# Activity
Please output the section of the listing below that opens with the line containing "Aspidistra longiloba" and closes with the line containing "Saracennia Road, Moss", exactly and with nothing else.

# Data records
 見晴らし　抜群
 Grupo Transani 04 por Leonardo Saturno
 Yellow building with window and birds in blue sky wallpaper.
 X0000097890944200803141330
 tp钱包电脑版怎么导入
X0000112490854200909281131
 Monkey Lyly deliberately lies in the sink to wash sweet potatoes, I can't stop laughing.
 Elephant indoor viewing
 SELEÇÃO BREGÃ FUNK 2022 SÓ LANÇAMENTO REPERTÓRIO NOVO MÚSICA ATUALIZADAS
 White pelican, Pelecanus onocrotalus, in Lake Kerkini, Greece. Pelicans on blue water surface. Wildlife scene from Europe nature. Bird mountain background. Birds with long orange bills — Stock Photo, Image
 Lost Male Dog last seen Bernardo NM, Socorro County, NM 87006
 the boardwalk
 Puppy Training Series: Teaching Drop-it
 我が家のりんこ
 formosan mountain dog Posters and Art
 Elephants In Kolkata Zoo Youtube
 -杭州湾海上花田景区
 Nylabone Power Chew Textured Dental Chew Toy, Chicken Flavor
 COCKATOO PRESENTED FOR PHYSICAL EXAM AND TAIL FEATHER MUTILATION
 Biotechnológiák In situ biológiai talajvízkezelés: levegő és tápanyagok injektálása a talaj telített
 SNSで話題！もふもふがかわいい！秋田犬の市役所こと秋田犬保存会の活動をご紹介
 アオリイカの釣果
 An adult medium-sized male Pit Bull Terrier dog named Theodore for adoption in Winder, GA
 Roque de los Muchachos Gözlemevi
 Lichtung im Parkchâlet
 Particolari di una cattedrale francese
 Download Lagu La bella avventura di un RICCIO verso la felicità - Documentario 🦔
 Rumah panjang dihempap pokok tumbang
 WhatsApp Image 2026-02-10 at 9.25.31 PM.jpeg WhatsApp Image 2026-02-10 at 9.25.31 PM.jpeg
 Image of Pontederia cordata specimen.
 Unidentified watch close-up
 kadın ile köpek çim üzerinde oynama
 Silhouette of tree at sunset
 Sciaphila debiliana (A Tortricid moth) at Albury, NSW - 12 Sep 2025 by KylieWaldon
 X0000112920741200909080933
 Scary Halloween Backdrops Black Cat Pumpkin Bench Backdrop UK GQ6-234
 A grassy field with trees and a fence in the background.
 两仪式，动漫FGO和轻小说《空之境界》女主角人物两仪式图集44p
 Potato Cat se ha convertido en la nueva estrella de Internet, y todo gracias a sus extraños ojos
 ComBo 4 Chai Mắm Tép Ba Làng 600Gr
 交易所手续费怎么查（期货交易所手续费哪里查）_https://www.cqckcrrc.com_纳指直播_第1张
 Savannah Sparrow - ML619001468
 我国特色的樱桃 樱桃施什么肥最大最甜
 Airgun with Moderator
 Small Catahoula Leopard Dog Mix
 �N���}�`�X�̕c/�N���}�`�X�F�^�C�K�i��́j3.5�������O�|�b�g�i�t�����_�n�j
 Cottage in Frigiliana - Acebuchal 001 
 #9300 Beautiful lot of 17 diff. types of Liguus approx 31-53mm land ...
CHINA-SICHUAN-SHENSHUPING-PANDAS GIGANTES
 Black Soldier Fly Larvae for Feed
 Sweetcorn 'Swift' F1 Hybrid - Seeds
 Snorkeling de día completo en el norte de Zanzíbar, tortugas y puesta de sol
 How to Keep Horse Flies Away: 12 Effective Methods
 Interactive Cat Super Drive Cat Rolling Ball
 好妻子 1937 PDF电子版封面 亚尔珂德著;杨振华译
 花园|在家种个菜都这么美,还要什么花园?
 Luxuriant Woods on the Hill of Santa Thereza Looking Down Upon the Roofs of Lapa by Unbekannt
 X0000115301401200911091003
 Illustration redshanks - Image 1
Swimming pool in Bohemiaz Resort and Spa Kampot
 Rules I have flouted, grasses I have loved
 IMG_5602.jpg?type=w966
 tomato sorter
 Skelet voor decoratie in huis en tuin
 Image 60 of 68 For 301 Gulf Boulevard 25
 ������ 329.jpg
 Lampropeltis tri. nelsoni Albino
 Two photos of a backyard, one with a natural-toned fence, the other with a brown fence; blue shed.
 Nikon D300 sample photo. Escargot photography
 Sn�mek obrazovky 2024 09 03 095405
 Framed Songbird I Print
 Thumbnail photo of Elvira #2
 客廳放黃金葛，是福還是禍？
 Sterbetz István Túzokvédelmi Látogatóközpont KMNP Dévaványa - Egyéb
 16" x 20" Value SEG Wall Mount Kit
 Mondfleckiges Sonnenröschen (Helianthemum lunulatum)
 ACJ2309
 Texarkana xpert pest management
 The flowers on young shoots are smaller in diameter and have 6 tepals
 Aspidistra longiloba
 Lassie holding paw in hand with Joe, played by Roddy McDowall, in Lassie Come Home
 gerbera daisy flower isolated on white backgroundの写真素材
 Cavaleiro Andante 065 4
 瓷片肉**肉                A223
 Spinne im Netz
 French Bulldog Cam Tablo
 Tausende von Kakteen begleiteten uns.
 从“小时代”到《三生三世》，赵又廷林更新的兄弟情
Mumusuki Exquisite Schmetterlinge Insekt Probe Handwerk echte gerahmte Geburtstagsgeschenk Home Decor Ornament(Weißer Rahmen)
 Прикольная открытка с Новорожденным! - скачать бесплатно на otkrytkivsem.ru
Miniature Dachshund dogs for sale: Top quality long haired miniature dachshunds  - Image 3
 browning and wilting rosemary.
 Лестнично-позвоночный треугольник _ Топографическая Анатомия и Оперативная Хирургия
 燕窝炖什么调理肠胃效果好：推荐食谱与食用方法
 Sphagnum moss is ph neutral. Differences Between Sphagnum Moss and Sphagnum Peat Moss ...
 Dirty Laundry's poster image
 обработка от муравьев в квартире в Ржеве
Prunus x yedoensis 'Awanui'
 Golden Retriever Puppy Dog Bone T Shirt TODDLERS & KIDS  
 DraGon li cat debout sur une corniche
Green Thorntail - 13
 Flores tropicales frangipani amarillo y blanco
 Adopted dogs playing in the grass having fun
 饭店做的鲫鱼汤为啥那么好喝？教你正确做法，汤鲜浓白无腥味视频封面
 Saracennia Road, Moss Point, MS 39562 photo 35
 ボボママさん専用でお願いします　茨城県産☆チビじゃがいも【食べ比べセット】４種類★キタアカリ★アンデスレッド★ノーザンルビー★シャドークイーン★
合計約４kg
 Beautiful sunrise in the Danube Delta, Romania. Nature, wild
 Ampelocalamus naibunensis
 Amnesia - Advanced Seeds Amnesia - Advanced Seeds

# Exercise output
 Aspidistra longiloba
 Lassie holding paw in hand with Joe, played by Roddy McDowall, in Lassie Come Home
 gerbera daisy flower isolated on white backgroundの写真素材
 Cavaleiro Andante 065 4
 瓷片肉**肉                A223
 Spinne im Netz
 French Bulldog Cam Tablo
 Tausende von Kakteen begleiteten uns.
 从“小时代”到《三生三世》，赵又廷林更新的兄弟情
Mumusuki Exquisite Schmetterlinge Insekt Probe Handwerk echte gerahmte Geburtstagsgeschenk Home Decor Ornament(Weißer Rahmen)
 Прикольная открытка с Новорожденным! - скачать бесплатно на otkrytkivsem.ru
Miniature Dachshund dogs for sale: Top quality long haired miniature dachshunds  - Image 3
 browning and wilting rosemary.
 Лестнично-позвоночный треугольник _ Топографическая Анатомия и Оперативная Хирургия
 燕窝炖什么调理肠胃效果好：推荐食谱与食用方法
 Sphagnum moss is ph neutral. Differences Between Sphagnum Moss and Sphagnum Peat Moss ...
 Dirty Laundry's poster image
 обработка от муравьев в квартире в Ржеве
Prunus x yedoensis 'Awanui'
 Golden Retriever Puppy Dog Bone T Shirt TODDLERS & KIDS  
 DraGon li cat debout sur une corniche
Green Thorntail - 13
 Flores tropicales frangipani amarillo y blanco
 Adopted dogs playing in the grass having fun
 饭店做的鲫鱼汤为啥那么好喝？教你正确做法，汤鲜浓白无腥味视频封面
 Saracennia Road, Moss Point, MS 39562 photo 35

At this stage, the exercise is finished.